Squad usage: Championship, 5 Oct 2017
Today I’m switching another graphic from last season back on. This one looks at how each club has used their squad, and in addition to individual graphics for every team I’ve also created a summary of the division as a whole.
It’s sorted by how many different players each club has used (with the number who started a match used as a tie-breaker), but also shows the average number of changes to their starting XI, the number of minutes played by their most-used combination of players so far and how many players have been ever-present. This all applies to league matches only.
We can see Harry Redknapp’s chaotic fingerprints at Birmingham, who have already used 29 players this season – four more than any other side – and starting 25 of them. At the opposite end of the spectrum we have Millwall, with only 17 different players used and fewer than one line-up change per match on average. At Norwich we have what looks like a clear case of deliberate squad rotation, with an average of over three changes per match but only 21 different players deployed. That’s clearly not what’s going on at Derby where five players have featured in every minute of the Rams’ campaign so far.
What I’ve done for every club below is to plot out their league campaign minute-by-minute and then shade in a bar for each player showing when they were on the pitch. The players’ bars are then laid out next to each other, in descending order of how long each spent on the pitch this season (also shown as a percentage of the club’s total playing minutes), to allow for comparisons.
I’ve also factored in a calculation of what each club’s most-used combination of 11 players was and shaded the minutes that they were on the pitch together using a darker colour.
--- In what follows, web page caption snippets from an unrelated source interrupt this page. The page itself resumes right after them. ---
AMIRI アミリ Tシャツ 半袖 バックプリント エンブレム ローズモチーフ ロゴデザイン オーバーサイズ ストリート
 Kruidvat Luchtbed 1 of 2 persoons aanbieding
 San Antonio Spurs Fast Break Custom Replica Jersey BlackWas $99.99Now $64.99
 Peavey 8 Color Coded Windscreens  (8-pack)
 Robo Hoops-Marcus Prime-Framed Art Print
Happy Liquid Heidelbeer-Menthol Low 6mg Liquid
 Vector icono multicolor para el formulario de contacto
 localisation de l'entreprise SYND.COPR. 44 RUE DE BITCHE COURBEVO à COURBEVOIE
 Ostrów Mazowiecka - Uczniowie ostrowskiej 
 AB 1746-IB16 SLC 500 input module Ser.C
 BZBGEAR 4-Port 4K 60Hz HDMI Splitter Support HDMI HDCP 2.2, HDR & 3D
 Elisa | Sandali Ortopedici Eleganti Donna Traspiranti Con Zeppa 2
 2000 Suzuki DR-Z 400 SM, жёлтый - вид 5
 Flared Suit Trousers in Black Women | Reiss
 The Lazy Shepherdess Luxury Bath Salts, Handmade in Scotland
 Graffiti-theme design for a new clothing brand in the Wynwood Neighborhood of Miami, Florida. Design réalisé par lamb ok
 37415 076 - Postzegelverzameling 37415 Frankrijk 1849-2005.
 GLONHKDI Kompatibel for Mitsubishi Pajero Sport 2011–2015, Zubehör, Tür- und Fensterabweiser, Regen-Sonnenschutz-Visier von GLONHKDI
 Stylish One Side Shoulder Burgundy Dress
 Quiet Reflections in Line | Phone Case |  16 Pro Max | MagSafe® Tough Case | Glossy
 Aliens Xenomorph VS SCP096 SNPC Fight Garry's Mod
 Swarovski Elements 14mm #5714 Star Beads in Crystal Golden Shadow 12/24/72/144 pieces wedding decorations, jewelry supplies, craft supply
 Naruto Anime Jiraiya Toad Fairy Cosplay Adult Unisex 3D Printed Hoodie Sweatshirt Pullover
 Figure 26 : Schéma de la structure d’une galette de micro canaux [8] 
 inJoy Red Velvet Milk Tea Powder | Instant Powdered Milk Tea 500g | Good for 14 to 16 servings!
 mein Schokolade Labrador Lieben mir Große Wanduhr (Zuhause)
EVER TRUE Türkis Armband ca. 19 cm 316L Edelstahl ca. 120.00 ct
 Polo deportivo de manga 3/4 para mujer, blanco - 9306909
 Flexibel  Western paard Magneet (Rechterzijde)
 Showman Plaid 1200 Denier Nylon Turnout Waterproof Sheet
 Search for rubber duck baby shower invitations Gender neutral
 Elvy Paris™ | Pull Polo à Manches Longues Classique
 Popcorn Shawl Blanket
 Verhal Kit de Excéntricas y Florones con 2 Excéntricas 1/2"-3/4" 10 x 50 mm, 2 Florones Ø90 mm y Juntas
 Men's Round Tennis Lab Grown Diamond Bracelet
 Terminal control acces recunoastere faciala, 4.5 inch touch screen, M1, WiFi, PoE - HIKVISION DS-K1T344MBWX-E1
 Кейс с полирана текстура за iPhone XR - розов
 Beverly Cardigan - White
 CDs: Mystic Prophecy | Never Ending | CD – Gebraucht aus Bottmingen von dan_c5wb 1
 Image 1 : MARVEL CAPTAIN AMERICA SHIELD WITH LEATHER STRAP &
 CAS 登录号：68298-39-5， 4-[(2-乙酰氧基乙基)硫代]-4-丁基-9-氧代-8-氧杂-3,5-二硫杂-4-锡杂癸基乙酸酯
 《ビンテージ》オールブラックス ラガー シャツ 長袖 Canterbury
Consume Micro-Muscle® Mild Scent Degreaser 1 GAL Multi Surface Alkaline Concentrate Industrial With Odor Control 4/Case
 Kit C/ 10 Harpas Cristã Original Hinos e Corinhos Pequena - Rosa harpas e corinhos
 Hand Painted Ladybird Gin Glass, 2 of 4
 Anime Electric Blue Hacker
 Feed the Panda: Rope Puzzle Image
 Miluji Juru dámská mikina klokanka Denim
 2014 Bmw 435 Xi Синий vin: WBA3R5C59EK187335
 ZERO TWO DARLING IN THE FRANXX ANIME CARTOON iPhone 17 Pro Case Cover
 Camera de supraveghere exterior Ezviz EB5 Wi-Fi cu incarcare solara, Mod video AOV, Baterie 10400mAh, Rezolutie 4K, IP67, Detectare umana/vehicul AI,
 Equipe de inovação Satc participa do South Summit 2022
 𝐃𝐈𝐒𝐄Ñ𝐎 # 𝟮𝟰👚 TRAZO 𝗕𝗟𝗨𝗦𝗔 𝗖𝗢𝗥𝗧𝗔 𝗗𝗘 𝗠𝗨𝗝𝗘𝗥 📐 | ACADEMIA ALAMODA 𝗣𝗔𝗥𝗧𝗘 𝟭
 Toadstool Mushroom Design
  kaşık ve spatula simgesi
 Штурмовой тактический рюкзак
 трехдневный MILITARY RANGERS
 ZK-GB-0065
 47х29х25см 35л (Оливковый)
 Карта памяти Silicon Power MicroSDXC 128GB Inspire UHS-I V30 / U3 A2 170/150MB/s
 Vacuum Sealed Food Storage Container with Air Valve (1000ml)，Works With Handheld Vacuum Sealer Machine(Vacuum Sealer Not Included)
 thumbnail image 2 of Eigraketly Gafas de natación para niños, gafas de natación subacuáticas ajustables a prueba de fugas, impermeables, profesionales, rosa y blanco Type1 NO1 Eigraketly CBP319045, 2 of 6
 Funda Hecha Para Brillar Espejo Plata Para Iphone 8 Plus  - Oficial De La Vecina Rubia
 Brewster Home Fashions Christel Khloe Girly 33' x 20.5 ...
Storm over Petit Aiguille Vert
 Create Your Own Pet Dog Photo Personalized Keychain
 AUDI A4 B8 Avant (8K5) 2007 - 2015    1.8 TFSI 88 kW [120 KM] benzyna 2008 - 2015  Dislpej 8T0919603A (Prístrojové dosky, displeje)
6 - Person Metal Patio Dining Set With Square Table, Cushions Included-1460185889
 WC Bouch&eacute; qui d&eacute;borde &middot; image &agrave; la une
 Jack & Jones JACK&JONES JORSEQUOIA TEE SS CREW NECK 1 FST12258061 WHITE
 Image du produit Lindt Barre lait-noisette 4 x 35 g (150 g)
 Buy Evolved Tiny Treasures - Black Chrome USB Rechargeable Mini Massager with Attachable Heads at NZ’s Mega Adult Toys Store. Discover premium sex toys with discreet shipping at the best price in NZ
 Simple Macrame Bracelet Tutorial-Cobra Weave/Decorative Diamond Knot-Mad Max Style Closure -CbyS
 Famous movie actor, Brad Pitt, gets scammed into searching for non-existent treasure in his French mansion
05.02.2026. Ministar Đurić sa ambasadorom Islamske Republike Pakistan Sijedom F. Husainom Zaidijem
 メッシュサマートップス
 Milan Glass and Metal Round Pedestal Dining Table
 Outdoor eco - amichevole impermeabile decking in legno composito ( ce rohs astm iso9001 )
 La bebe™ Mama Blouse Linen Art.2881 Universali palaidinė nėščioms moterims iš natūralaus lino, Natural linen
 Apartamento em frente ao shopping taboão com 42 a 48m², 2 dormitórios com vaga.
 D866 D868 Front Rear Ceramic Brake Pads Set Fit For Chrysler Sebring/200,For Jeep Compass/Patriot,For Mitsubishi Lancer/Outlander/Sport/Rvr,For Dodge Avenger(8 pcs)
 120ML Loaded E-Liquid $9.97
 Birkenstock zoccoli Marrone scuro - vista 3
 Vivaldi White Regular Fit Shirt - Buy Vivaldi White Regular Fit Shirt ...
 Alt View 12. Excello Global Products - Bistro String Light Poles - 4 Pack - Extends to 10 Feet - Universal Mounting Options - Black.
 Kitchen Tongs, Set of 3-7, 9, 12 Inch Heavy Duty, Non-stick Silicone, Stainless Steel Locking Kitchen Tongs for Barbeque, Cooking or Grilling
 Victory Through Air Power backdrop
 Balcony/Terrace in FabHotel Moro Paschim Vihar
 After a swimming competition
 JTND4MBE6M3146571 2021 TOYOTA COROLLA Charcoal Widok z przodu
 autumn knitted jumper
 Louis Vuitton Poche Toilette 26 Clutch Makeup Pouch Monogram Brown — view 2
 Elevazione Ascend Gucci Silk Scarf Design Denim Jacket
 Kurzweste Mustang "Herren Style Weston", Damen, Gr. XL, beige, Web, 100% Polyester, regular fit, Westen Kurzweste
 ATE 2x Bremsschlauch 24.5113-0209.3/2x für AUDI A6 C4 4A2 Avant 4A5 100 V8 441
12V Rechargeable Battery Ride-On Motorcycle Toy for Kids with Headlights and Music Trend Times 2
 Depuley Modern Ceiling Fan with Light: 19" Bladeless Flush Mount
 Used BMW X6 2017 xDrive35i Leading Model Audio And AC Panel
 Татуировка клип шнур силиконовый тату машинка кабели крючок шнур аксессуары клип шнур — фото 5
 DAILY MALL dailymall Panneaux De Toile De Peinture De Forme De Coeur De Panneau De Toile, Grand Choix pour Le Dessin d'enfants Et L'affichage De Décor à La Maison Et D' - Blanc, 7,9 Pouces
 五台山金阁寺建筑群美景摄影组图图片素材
At the top I’ve also included the total number of minutes that they featured alongside each other, which is often surprisingly low.
To make reading across the graphics easier, I’ve drawn vertical lines separating each match and each month, plus horizontal ones between each player’s row and beneath the 11 most-used players.
Here are a few quick observations to give you the idea. It looks like Steve Bruce has settled on a starting line-up he likes at Aston Villa, with Jonathan Kodjia having broken into the team in the last four games. The size of the Birmingham graphic illustrates their ongoing search for the perfect formula, with three of their 11 most-used players so far not having played for the club before September.